Exercise instructions >> Look through the records below and collect all lines that hold the string "Chapter".

━━━ Data extract ━━━

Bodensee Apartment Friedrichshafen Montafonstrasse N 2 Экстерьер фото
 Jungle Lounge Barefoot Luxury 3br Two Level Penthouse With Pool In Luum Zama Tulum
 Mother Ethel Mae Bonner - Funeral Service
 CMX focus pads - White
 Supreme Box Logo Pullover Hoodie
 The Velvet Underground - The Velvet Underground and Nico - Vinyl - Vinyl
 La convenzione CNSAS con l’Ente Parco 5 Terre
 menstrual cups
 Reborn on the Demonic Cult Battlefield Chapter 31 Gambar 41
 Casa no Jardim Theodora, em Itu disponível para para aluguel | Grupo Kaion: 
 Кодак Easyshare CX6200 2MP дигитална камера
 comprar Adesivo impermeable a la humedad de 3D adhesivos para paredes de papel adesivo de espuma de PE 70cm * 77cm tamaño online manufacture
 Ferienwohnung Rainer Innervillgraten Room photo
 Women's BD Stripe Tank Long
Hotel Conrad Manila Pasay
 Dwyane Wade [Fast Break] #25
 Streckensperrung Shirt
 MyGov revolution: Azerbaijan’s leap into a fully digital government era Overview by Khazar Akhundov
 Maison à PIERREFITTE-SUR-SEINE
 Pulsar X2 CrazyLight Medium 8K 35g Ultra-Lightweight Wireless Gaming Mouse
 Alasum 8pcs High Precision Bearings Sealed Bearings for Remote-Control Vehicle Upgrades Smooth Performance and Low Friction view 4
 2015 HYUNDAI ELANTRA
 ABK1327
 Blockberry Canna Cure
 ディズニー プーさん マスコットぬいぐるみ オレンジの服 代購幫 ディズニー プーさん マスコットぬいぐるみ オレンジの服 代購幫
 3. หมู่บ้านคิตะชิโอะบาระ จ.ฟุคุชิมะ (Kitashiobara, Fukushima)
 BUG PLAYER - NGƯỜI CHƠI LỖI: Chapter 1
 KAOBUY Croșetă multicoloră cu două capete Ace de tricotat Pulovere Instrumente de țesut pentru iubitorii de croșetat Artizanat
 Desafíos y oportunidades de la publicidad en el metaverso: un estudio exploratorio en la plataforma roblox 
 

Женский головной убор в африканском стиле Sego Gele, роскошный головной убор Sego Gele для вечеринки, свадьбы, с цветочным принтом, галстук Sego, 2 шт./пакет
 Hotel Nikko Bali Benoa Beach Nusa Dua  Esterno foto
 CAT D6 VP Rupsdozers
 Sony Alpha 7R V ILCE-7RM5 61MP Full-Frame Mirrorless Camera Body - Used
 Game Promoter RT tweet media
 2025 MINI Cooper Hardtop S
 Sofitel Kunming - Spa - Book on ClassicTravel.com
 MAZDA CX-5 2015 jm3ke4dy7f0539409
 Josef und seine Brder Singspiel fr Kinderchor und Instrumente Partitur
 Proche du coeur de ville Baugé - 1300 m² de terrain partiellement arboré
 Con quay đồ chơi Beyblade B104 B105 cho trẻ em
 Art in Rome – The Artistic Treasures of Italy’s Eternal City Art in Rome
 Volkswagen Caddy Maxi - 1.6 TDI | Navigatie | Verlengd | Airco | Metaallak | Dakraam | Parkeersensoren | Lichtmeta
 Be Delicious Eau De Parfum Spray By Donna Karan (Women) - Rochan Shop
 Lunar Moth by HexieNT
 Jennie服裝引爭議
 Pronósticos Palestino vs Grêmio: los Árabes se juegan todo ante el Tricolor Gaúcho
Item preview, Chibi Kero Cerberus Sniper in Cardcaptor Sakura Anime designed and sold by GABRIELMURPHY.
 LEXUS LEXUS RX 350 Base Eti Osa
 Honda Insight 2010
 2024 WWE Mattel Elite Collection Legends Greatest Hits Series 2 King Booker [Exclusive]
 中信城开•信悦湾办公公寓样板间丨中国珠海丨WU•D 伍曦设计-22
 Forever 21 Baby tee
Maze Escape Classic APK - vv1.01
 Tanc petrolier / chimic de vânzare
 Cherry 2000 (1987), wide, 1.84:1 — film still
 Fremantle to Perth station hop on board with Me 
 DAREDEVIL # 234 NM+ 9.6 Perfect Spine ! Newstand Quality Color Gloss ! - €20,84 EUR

━━━

Result >>
 Reborn on the Demonic Cult Battlefield Chapter 31 Gambar 41
 BUG PLAYER - NGƯỜI CHƠI LỖI: Chapter 1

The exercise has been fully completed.